The Syrian military also launched a battle against the final remnants of ISIS influence. The Syrian military has in recent months retaken the once rebel-controlled suburbs of eastern Ghouta outside of Damascus and most of the country's southwest, defeating insurgents and ISIS fighters in both. The official Syrian Arab News Agency reported on a government offensive against the militants in the desert of Al-Sweida province. Meanwhile, the pro-opposition, U.K.-based Syrian Observatory for Human Rights noted intense clashes between the Syrian military and ISIS in the central province of Homs.

That front is located near a unilaterally declared U.S. military base surrounding the Al-Tanf region. Russia, Iran and Syria have accused Washington of using the installation to protect jihadis, something it has routinely denied. The U.S.-led coalition does, however, assist the Maghawir al-Thawra, one of the last insurgent groups in this part of Syria. In the northwest, a looming Syrian offensive against Idlib province has revived U.S. threats of military action in spite of Russian warnings.

A map shows areas of control in Syria as of September 5. The Islamic State militant group, or ISIS, has been wiped out almost entirely by the U.S.-backed Syrian Democratic Forces and the Syrian military, which is supported by Russia and Iran. Institute for the Study of War/Reuters
A map details a potential upcoming Syrian military operation to retake Idlib province, in Syria, which is dominated by the jihadi coalition of Hayat Tahrir al-Sham. Institute for the Study of War/Suriye Gundemi/Reuters

The U.S. has twice struck Syrian government sites in the past year and a half, in response to alleged chemical weapons attacks that Russia, Iran and Syria have dismissed or blamed on local actors conspiring with Western powers. U.S. national security adviser John Bolton has warned that Syria may be preparing a chemical weapons attack and said Monday that the U.S. has "been in consultation with the British and the French, who joined us in the second strike, and they also agree that another use of chemical weapons will result in a much stronger response."

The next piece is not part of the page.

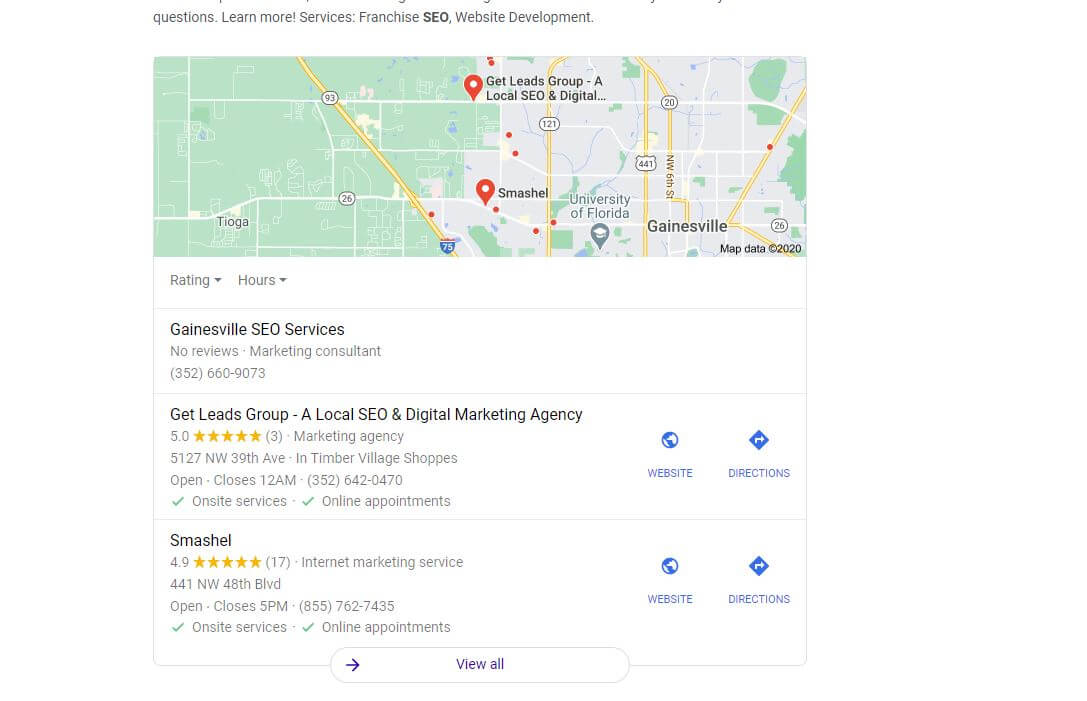 How To Optimize Google My Business | 2020 Case Study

On Tuesday, Secretary of Defense James Mattis told reporters that Assad "has been warned. And so we'll see if he's wised up." The Syrian leader has demanded that U.S. and Turkey withdraw from the conflict immediately, considering only Russia and Iran to be legitimate international partners.

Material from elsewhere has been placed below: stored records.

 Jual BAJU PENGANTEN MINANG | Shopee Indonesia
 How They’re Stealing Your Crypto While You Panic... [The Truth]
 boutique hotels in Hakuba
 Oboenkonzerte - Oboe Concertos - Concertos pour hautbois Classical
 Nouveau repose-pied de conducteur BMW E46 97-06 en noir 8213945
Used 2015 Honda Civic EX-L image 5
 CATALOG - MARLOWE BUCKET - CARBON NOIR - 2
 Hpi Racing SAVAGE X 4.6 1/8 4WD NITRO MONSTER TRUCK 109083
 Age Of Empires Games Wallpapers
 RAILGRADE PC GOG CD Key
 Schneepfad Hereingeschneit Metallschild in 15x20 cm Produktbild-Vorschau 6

Russia has claimed that the latest rhetoric served as evidence that the West was plotting with Syrian militants to stage a poison gas attack in order to draw foreign military action. Moscow recently conducted its largest exercise in the nearby Mediterranean Sea, and Russian Deputy Foreign Minister Sergei Ryabkov referred to recent U.S. statements regarding possible intervention as "absolutely the policy of threats and blackmail."

In addition to public U.S. statements, a Monday report from The Wall Street Journal suggested that Trump may consider striking Russian, Iranian and Syrian targets in retaliation for a chemical weapons attack. Kremlin spokesperson Dmitry Peskov responded directly to this report, saying, "We don't take media reports seriously because they have completely discredited themselves," according to the state-run Tass Russian News Agency. "We focus on official statements," he added.